WORK INSTRUCTION -
From the entries that follow, copy exactly the lines beginning at the line holding "30 Ferrazzano Lane, Vaughan, Ontario" and continuing through the line holding "The Antoinette Watch & Bracelet Set".

(DATA RECORDS begins)

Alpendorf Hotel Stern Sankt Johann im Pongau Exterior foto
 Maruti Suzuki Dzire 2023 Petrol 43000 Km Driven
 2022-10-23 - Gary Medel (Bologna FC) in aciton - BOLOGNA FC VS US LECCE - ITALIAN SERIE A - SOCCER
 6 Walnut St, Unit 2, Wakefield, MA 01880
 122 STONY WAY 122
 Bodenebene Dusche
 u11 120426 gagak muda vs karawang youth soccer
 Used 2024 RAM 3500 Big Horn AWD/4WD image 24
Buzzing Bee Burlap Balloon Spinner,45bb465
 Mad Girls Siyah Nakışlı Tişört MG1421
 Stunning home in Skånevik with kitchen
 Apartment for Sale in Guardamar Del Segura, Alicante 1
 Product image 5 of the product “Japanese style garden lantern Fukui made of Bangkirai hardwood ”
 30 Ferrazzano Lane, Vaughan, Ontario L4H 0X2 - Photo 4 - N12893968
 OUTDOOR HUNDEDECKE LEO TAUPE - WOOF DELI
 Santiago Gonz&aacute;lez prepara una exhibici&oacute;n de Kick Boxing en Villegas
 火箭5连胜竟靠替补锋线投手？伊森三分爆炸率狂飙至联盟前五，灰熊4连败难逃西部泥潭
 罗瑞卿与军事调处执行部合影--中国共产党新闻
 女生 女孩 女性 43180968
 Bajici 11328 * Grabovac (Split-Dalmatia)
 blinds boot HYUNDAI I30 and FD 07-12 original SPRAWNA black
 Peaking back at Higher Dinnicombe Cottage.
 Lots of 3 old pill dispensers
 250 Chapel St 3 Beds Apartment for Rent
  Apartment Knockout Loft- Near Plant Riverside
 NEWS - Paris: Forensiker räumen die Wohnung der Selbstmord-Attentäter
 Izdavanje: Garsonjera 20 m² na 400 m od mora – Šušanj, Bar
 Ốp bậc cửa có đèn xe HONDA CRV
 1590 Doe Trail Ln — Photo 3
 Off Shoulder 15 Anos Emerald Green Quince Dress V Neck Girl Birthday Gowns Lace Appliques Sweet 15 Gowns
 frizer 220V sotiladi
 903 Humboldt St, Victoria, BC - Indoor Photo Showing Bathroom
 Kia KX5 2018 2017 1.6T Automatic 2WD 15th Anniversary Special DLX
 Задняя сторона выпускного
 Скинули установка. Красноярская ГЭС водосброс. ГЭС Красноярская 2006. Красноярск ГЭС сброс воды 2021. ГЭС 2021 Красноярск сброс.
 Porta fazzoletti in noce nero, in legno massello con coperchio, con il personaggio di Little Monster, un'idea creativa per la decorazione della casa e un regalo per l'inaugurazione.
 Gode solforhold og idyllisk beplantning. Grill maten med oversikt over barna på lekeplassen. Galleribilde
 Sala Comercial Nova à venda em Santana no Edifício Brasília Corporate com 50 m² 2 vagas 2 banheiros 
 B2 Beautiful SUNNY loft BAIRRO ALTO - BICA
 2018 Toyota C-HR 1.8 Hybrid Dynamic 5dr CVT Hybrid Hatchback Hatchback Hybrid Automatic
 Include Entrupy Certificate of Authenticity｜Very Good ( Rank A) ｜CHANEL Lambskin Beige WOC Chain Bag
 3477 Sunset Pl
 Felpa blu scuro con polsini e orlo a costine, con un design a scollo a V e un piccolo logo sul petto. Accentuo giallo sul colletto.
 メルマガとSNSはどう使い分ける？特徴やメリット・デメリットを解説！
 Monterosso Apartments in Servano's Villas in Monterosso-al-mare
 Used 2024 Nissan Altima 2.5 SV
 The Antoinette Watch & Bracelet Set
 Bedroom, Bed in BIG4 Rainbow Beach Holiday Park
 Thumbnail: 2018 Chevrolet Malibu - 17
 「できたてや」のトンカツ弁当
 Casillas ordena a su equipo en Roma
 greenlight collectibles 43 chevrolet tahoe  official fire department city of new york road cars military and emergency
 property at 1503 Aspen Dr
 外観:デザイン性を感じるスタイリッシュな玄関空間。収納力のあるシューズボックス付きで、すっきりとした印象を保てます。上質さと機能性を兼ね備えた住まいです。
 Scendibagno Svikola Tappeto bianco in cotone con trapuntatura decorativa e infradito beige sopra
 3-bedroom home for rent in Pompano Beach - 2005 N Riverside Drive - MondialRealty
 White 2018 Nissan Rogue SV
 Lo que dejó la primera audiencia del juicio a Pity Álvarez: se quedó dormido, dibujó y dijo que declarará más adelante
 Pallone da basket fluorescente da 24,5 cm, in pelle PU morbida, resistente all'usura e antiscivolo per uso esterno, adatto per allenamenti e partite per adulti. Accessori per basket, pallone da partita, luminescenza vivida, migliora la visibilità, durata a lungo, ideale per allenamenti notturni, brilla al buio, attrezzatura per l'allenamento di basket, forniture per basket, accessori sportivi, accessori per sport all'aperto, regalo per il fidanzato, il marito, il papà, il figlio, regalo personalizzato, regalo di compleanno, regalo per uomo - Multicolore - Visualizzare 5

(DATA RECORDS ends)

PROBLEM SOLUTION -
 30 Ferrazzano Lane, Vaughan, Ontario L4H 0X2 - Photo 4 - N12893968
 OUTDOOR HUNDEDECKE LEO TAUPE - WOOF DELI
 Santiago Gonz&aacute;lez prepara una exhibici&oacute;n de Kick Boxing en Villegas
 火箭5连胜竟靠替补锋线投手？伊森三分爆炸率狂飙至联盟前五，灰熊4连败难逃西部泥潭
 罗瑞卿与军事调处执行部合影--中国共产党新闻
 女生 女孩 女性 43180968
 Bajici 11328 * Grabovac (Split-Dalmatia)
 blinds boot HYUNDAI I30 and FD 07-12 original SPRAWNA black
 Peaking back at Higher Dinnicombe Cottage.
 Lots of 3 old pill dispensers
 250 Chapel St 3 Beds Apartment for Rent
  Apartment Knockout Loft- Near Plant Riverside
 NEWS - Paris: Forensiker räumen die Wohnung der Selbstmord-Attentäter
 Izdavanje: Garsonjera 20 m² na 400 m od mora – Šušanj, Bar
 Ốp bậc cửa có đèn xe HONDA CRV
 1590 Doe Trail Ln — Photo 3
 Off Shoulder 15 Anos Emerald Green Quince Dress V Neck Girl Birthday Gowns Lace Appliques Sweet 15 Gowns
 frizer 220V sotiladi
 903 Humboldt St, Victoria, BC - Indoor Photo Showing Bathroom
 Kia KX5 2018 2017 1.6T Automatic 2WD 15th Anniversary Special DLX
 Задняя сторона выпускного
 Скинули установка. Красноярская ГЭС водосброс. ГЭС Красноярская 2006. Красноярск ГЭС сброс воды 2021. ГЭС 2021 Красноярск сброс.
 Porta fazzoletti in noce nero, in legno massello con coperchio, con il personaggio di Little Monster, un'idea creativa per la decorazione della casa e un regalo per l'inaugurazione.
 Gode solforhold og idyllisk beplantning. Grill maten med oversikt over barna på lekeplassen. Galleribilde
 Sala Comercial Nova à venda em Santana no Edifício Brasília Corporate com 50 m² 2 vagas 2 banheiros 
 B2 Beautiful SUNNY loft BAIRRO ALTO - BICA
 2018 Toyota C-HR 1.8 Hybrid Dynamic 5dr CVT Hybrid Hatchback Hatchback Hybrid Automatic
 Include Entrupy Certificate of Authenticity｜Very Good ( Rank A) ｜CHANEL Lambskin Beige WOC Chain Bag
 3477 Sunset Pl
 Felpa blu scuro con polsini e orlo a costine, con un design a scollo a V e un piccolo logo sul petto. Accentuo giallo sul colletto.
 メルマガとSNSはどう使い分ける？特徴やメリット・デメリットを解説！
 Monterosso Apartments in Servano's Villas in Monterosso-al-mare
 Used 2024 Nissan Altima 2.5 SV
 The Antoinette Watch & Bracelet Set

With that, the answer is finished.